Levels of Measurement: Nominal and Ordinal data, Interval and Ratio Data, Continuous and discrete Data
Operationalization :The process of specifying how a concept will be defined and measured. For example, intelligence has no definite metric; instead, we use IQ score to measure intelligence. Other examples include disaster preparedness, quality of life, pain, etc.
Proxy Measurement :The process of substituting one measurement with another.
Errors :Reducible errors / systemic errors and Irreducible errors / random errors
Evaluation of Methods of Measurement :Reducible errors / systemic errors and Irreducible errors / random errors

Day 2: Evaluation of Methods of measurement

June 2, 2021

Measurement is the process of assigning numbers to objects to facilitate the use of mathematics.
Reliability:How consistent or repeated measurements are. Many measures of reliability draw on the correlation coefficient. Three primary approaches: multiple occasion reliability, multiple forms reliability, and internal consistency.
Validity :Multiple form: How similarly different versions of testing perform in measuring the same entity. Multiple form: How similarly different versions of testing perform in measuring the same entity. Internal consistency: How well the items that make up an instrument reflect the same construct.
Triangulation :The process of combining different information from different sources to arrive at a true or, at least, most accurate value. For example, Multi-method matrix (MTMM)

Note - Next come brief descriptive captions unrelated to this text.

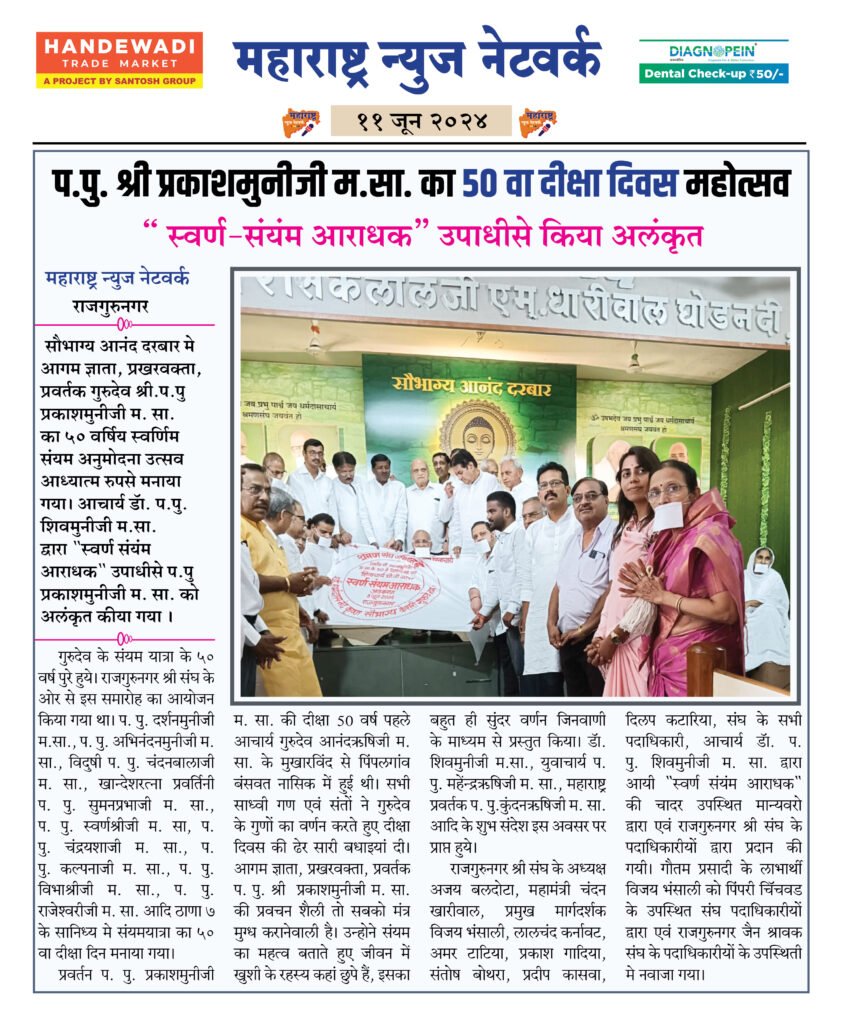 प.पु. श्री प्रकाशमुनीजी म.सा. का 50 वा दीक्षा दिवस महोत्सव 2 11 6 24 1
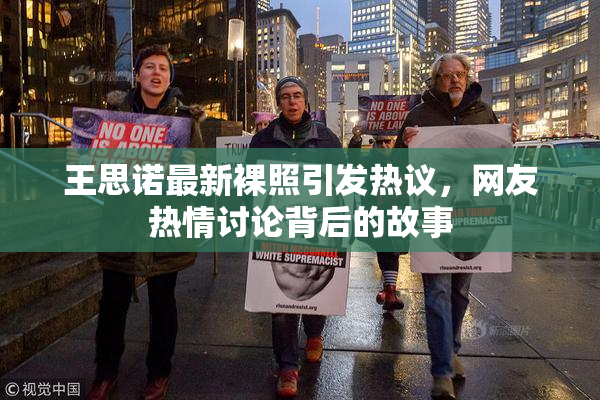 王思诺最新裸照引发热议，网友热情讨论背后的故事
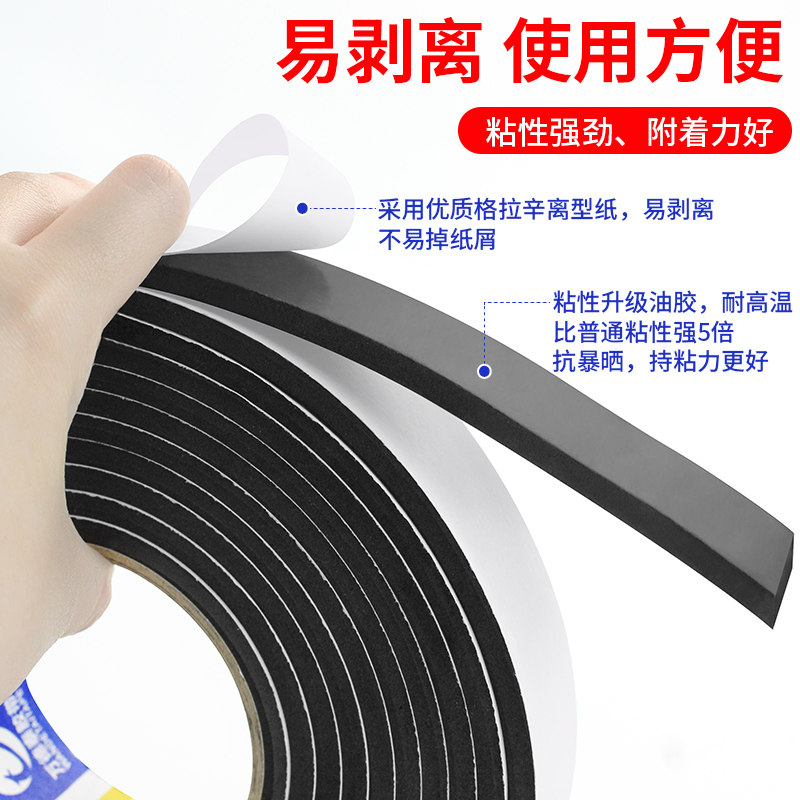 eva海绵胶带黑色泡棉单面胶密封条窗户隔音防撞胶条内衬防震胶垫,淘宝优惠券,粉丝福利购,淘宝优惠卷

Day 3: Method of Central Tendency

June 3, 2021

Among the first statistics computed for the continuous variables in a new dataset. These measures indicate where most values in a distribution fall .
The three most common measures of central tendency are the mean, the median, and the mode. One’s choice of mean, median, or mode can dramatically change the interpretation of the data.
The mean is the arithmetic average (the sum of the scores divided by the number of scores). While the mean is the most common measure of a dataset’s center, there are situations when it cannot be used.
Mean is not an appropriate summary measure for every dataset because it is sensitive to extreme values (outliers), so can be misleading for Skewed data.
Trimmed Mean also known as Winsorized Mean is calculated by discarding certain percentage of extreme values in a distribution and calculating mean of the remaining values.
When the data are nominal (i.e., when the data are categories rather than values), you must use the mode (Most frequently occurring value) to summarize the center
Median is the best option when data are ordinal. The median of a distribution of scores is the value at the 50th percentile, which means that half of the scores are below this value and half are above it.
To summarize interval or ratio data, in general, you should use the mean. however, if the data set contains one or more outliers, you should use the median.
If mean and median are close to each other, and the most common ranges cluster around the mean , then we can conclude that data is Normal and Symmetrical
A mean lower than the median is typical of left-skewed data because the extreme lower values pull the mean down, whereas they do not have the same effect on the median
A mean higher than a median is common for right-skewed data because the extreme higher values pull the mean up but do not have the same effect on the median.

Day 4: Percentiles

June 4, 2021

In real world environments, performance gets attention when it is poor and has a negative impact on the business and users. But how can we identify performance issues quickly to prevent negative effects?
We cannot alert on every slow transaction, since there are always some. The industry has come up with a solution called Automatic Baselining. Baselining calculates out the “normal” performance and only alerts us when an application slows down or produces more errors than us
Most approaches rely on averages and standard deviations. This approach assumes that the response times are distributed over a bell curve. Averages , in this case, are ineffective because they are too simplistic and one-dimensional.
A percentile gives a much better sense of real world performance, it tells me at which part of the curve I am looking at and how many transactions are represented by that metric.
For exactly that reason percentiles are perfect for automatic baselining. If the 50th percentile moves from 500ms to 600ms I know that 50% of my transactions suffered a 20% performance degradation. You need to react to that.
Percentile-based alerts do not suffer from false positives, are a lot less volatile and don’t miss any important performance degradations! Consequently, a baselining approach that uses percentiles does not require a lot of tuning variables to work effectively.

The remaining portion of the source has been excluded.